Dünyanın Geleceğinde Çin ve Biz
Ankara Yıldırım Beyazıt üniversitesi Öğretim üyesi,Prof. Dr. Seyyit Aydın (Kastamonu üniversitesi Eski Rektörü Seyit Aydın, Çin'in ekonomik yükselişi karşısında ABD'nin iktisadi çöküşle karşı karşıya olduğuna dikkat çektiği yazısında Türkiye'nin konumunu değerlendirdi.

Oluşturma Tarihi: 2023-07-20 11:02:46

Güncelleme Tarihi: 2023-07-20 11:04:50

Dünya, 21. Yüzyılın ilk çeyreğinden itibaren yeniden şekillenmeye hazırlanıyor. Türkiye'nin etrafındaki coğrafya, maalesef dünyanın en sıcak bölgesi haline geldi. Suriye'deki iç savaş devam ederken, Rusya Ukrayna'yı işgal harekatı başlattı. Ukrayna'yı işgale kalkışana kadar, Rusya'nın başına geldiğinden bu yana çok akıllı siyaset takip eden bir Vladimir Putin vardı. Bütün planlarını matematik modellemelerle yapıyor; Rusya'nın politikalarını bu modellemelerin neticelerine göre hayata geçiriyordu. O sebeple hatasız çalışıyordu. Fakat ilmi esaslara göre hatasız devlet idare ederken, muhtemelen zamanla bütün kerameti kendisinde görmeye başladı. Ukrayna'dan başlayarak dünyayı işgal edebilecek gücü kendinde görme vehmine kapıldı. Tıpkı Saddam Hüseyin gibi…

Bugün artık şurası görüldü ki; Ukrayna, Rusya için ikinci Afganistan macerası olacaktır. Bu harbin ne kadar devamı edeceğini, ne kadar daha kan akacağını, kaç insanın daha canına mal olacağını bilemeyiz. Fakat şunu biliyoruz: Muharebenin sonunda Rusya parçalanacak. Rusya, 14 veya 16 ya bölünecek. Bugün Rusya hudutları içinde 85 milyon Türk nüfus var. Eğer 14'e bölünürse bir, 16'ya bölünürse birden fazla Türk devleti kurulabilir.

Rusya dışında ABD, Avrupa, Çin hattında seyreden ve Çin'in kuyumcu hassasiyeti ile işlediği ince siyaset, çok mühim neticeleri getiriyor.

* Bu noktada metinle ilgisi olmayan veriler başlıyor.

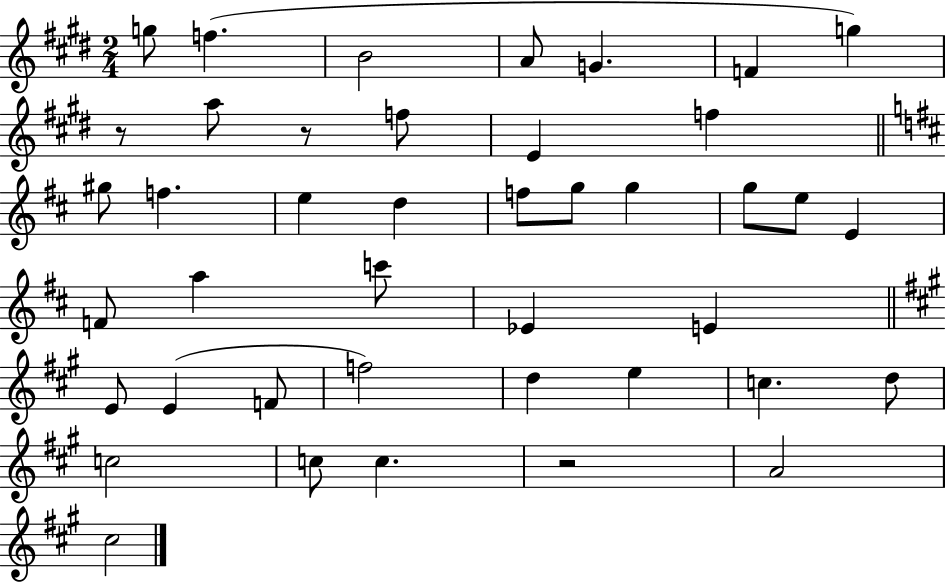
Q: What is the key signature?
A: E major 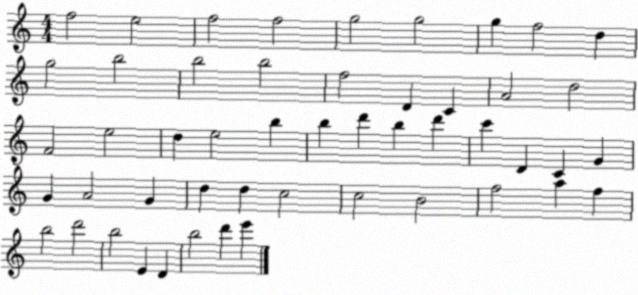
X:1
T:Untitled
M:4/4
L:1/4
K:C
f2 e2 f2 f2 g2 g2 g f2 d g2 b2 b2 b2 f2 D C A2 d2 F2 e2 d e2 b b d' b d' c' D C G G A2 G d d c2 c2 B2 f2 a f b2 d'2 b2 E D b2 d' e'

ABD ve İngiliz şirketleri Çin'e taşınmaya başladı.. Avrupa, Asya-Pasifik bölgesi, Kuzey ve Güney Amerika, Orta Doğu ve Afrika'da faaliyet gösteren HSBC Grubu, dünyanın en büyük bankacılık ve finansal hizmetler kuruluşlarından biridir. İngiltere'de kayıtlı olan HSBC Holdings PLC'nin genel merkezi Londra'dadır. İşte dünyanın en büyük şirketlerinden biri olan HSBC önce ABD'ye taşındı. Şimdi Çin'e taşınıyor. Çin'de ciddi bir ağırlığı var.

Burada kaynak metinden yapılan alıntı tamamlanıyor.